We walked about a half mile through the woods as the trail blended with the raw forest.

Footsteps echo through the green canopy of leaves as steps are made on ground where ancient people lived thousands of years ago.

“They were hunters, fishers and gatherers,” says Dr. Diana Greenlee.

Dr. Greenlee is an archaeologist and professor at the University of Monroe who navigates one of the oldest complexes of ancient mounds in America.

This is kind of the big, great granddaddy of them all.

“So far that’s what it would appear. There are some that are older but this is really complex and really just pretty amazing,” says Dr. Greenlee.

Through the trees you finally see the shape of the largest mound rising from the forest floor. It’s a massive amount of dirt that stands 25 feet tall.

“It looks like they started construction around 5400 years ago and they would have stopped sometime around 4800 years ago.”

That means these structures were built before the great pyramids and Stonehenge.

The large mound is among eleven man made mounds connected by an oval shaped ridge.

The Watson Brake site was first reported to archaeologists in the early 1980s by a local resident who noticed the earthworks after the land was cleared of timber. Some of the mounds only rise a few feet but others dominate the landscape. But why these mounds were built remains a mystery.

“It could be that it was a way to reinforce relationships and cooperation. It could be signaling to other people that, you know, hey, we have the resources and the people that we can build cool stuff like this. You should cooperate with us.”

There is no public access to the mound site. The state has been able to acquire some of the area but half of it is still privately owned.

Researchers believe that ancient people occupied the site off an on for a period of several hundred years. Some middle-archaic artifacts have been found there.

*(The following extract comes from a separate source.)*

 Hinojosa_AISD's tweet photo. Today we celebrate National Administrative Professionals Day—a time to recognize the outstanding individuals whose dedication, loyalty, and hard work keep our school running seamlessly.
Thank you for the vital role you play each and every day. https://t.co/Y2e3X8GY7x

“There are distinctive projectile points, spear or dark points called Evans points. They have a distinctive notch. We have free Earth blocks or cubes. So these are undecorated. They’re made of the dirt that’s been fired.”

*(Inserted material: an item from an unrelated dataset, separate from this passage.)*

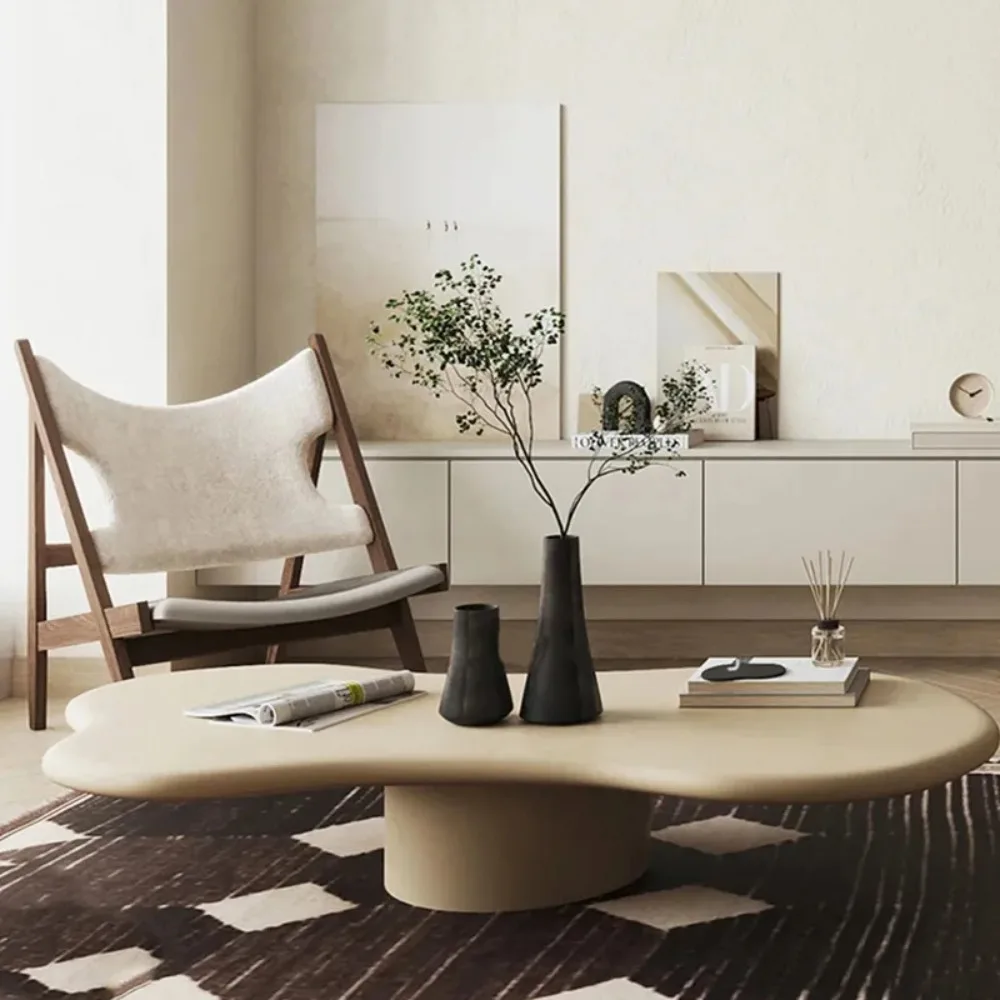 Beliebtes Design, unregelmäßiger kreativer Couchtisch, moderner Wohnzimmer-Teetisch aus Sperrholz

Do you ever think about what life was like for these folks 4000 or 5000 years ago?

“Yeah, I do. They’re together with their family group, you know, and other groups whether they’re here all the time together or whether they’re just getting together once in a while. But I can imagine that they saw that as a fun time and they’re working together on a project.”

Watson Brake is on of more than 800 mound sites that have been discovered around Louisiana. It shows how people built a large place to live together as they hunted and fished and lived off the land.

The Watson Brake Mound Complex is located about 60 miles from the Poverty Point World Heritage Site in Northwest Louisiana. Poverty Point is more than three times larger but Watson Brake is 2000 years older.